A coordinate is a line that holds a particular value constant in the set of values used provide a location on a graph. As a more simple example, we might have an (x,y) graph and we can identify a line where all the points on that line have x=3. It might feel a little bit weird because the lines where x equals a constant are vertical and the lines where y equals a constant are horizontal.
That line doesn’t have to be a straight line.
If we have the point (4,3) we can say it has an x coordinate of 4 (a vertical line) and a y coordinate of 3 (a horizontal line) and the point we are describing is the intersection of the those two lines.
There is still more that is “strange” (hopefully “fun”) about the Rindler picture. In this story we are working in only one dimension, the x-dimension. What you would normally call the y-axis is actually the time access.
Time flows in the “upward” or “north” direction.
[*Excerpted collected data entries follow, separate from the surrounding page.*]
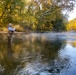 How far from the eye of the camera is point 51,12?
45.5m

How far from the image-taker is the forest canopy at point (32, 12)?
104 feet

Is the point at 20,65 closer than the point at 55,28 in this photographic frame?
Yes

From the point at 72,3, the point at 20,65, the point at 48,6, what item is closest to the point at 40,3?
the point at 48,6

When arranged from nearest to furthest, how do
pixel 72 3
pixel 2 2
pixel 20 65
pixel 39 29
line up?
pixel 20 65 → pixel 2 2 → pixel 72 3 → pixel 39 29

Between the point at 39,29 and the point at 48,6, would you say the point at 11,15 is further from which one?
the point at 39,29

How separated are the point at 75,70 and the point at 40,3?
150ft

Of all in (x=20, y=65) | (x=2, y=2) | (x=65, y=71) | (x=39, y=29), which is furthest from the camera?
(x=39, y=29)

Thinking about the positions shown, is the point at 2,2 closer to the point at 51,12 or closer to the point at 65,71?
the point at 51,12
If you chose to not move in space then your path is “north” and if you like you can ride one of those blue lines (in which case you are on a coordinate that is an integer).
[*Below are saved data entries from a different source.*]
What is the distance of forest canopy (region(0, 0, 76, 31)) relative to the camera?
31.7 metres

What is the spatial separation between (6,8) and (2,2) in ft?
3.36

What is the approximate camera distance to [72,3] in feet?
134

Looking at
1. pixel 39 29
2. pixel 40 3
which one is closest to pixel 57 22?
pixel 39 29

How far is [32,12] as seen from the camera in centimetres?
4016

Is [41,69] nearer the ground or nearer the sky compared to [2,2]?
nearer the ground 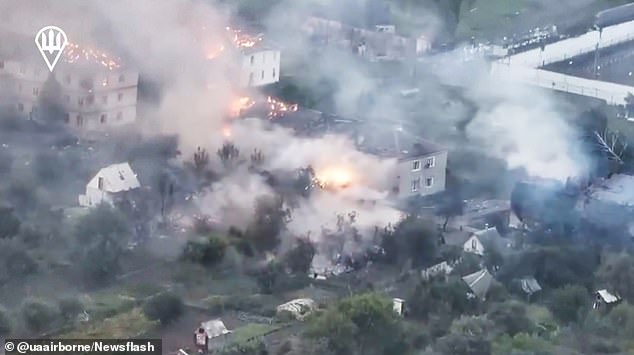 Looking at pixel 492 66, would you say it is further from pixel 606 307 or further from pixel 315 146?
pixel 606 307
If you look at the red curvy-line you see that as we go upwards it moves westward, indicating a change of location in space in the positive x-direction.
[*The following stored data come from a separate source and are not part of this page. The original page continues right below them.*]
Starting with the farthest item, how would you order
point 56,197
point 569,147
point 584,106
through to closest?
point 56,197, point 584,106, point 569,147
Here’s where it gets tricky/fun. The Red line could be a Rindler spatial coordinate.
Now, we just said that if you are riding a coordinate in the north direction you were not changing position.
Everywhere on that red curvy-line is the same location in space, yet you can see the red line is moving in the x-direction positively as time moves forward.
That red line could be the flight path of a spaceship. While on board the spaceship you are moving in the positive x-direction relative to the ground, but relative to the ship you are not moving at all, which is why you say on the same “red” number.